R Packages: There and Back Again

2024-12-10

strata accepted into the CRAN

I learned some things along the way that I want to share.

  • Not a nitty gritty look into package building

  • High level overview of lessons learned

This presentation isn’t about strata but if you want to check it out, please do at: https://asenetcky.github.io/strata/

What I wish I had known

It IS possible!

  • There are excellent free resources out there

  • Almost everything you need to know is in R Packages 2nd Edition

Package Scope

  • The R package can just be a small family of functions, it does not need to be the next tidyverse

  • The R package just needs to be useful to you and your team

  • It does not need to go up to the CRAN

I wish I had started years ago

What’s gained by making an R package?

Reproducibility

  • Building a package bundles up all your code AND your dependencies

    • No more endless source() calls to helper scripts and functions
  • Users can enforce strict versioning of dependencies

  • R package build tools allow users to check, and ensure that the package it will run on just about any machine that is required

  • Building a package forces users to write out that documentation we so often skip over

    • Makes it easier for others to use and understand your code

    • Makes you a better teammate

Portability

Building a package means that the code and documentation can be easily shared with others publicly and privately.

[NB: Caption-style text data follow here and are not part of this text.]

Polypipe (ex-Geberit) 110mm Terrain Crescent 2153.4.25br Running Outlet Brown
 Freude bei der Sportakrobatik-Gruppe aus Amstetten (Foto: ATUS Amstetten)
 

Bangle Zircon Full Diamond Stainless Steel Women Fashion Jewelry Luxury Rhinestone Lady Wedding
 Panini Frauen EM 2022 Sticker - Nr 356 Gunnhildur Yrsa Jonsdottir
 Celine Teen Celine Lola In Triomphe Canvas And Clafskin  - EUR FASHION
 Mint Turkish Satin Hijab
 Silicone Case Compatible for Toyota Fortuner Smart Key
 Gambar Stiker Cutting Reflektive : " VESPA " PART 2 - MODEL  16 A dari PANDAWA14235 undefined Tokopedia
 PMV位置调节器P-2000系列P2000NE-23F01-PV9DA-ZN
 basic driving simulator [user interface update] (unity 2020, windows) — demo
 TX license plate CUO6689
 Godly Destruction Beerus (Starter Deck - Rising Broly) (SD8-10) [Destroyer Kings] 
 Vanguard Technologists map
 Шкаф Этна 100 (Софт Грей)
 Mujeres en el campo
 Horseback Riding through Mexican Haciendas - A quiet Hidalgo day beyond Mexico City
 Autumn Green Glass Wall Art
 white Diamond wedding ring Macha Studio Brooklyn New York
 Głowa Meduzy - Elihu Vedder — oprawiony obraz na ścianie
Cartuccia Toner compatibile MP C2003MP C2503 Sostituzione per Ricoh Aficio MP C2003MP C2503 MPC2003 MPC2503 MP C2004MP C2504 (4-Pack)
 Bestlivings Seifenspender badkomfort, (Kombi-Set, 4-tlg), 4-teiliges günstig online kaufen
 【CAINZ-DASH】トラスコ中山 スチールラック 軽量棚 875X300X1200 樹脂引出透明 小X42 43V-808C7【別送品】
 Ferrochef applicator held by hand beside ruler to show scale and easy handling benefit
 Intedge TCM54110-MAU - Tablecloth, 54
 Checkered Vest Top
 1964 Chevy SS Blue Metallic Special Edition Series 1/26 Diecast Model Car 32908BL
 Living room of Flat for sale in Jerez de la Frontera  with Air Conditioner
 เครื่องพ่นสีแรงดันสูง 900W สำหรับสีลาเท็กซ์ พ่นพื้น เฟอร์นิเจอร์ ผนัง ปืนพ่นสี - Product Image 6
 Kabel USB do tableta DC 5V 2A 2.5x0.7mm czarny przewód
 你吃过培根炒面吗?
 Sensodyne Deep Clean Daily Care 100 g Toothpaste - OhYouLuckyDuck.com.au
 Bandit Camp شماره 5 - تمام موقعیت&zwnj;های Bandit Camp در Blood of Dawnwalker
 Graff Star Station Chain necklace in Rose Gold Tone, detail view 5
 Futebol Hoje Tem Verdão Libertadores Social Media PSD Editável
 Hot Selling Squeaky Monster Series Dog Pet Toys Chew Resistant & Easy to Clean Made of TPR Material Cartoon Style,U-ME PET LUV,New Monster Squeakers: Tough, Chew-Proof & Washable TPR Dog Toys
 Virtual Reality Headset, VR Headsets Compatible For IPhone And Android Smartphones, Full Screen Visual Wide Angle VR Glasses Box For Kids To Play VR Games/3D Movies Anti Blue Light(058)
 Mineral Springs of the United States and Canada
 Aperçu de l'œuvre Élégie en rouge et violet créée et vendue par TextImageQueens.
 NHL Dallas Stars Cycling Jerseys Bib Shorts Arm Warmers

  • No more emailing code around

  • No more asking permission to access share drives or folders

  • No more manually cutting and pasting code all over the place

Clarity and Organization

  • The package structure forces you to organize your code in a way that is easy to understand and use

  • The documentation lives alongside the code, making it easier to understand what the code does

  • Build tools allow pieces of documentation to be used over and over again

    • Update once, and it updates everywhere

    • Consistent language throughout

Sharing R Packages

Getting an R Package requires alot of work and overheard that might not be worth it for a small project. However, users can still share their project with others it does not need to be on the CRAN.

Distributing your Package

Sharing your R package is easy to do with git and a repository hosting service.

Sharing Publicly

You may remember Chuck showing off the pak package in a previous meeting. Once an R package is hosted in a remote repository, pak is just about all users need to install the package.

  • pak::pak("<GITHUB USERNAME>/<PACKAGE NAME>")

  • install the development version of strata:

    • pak::pak("asenetcky/strata")

Sharing Privately

  • The remotes package is a great way to install packages from a private repository.

  • For example we have a private CT DPH odp R package for internal use only that is hosted in our Azure Devops Project.

  • Installing that would look something like:

    • remotes::install_git("<REPO CLONE URL>", git = "external)

One last note on Reproducibility

What we don’t have

  • Most of us do not have access to the fanciest tools and services

  • Most of us are not allowed to spool up a docker image, or server for development

What we do have

  • Most of us have access to R

  • Most of us have access to git (whether we realize it or not)

Pulling it all together

If users combine:

  • R

  • git

  • Your own R Package

  • renv package

Users will have a powerful combination of tools where reproducibility is paramount.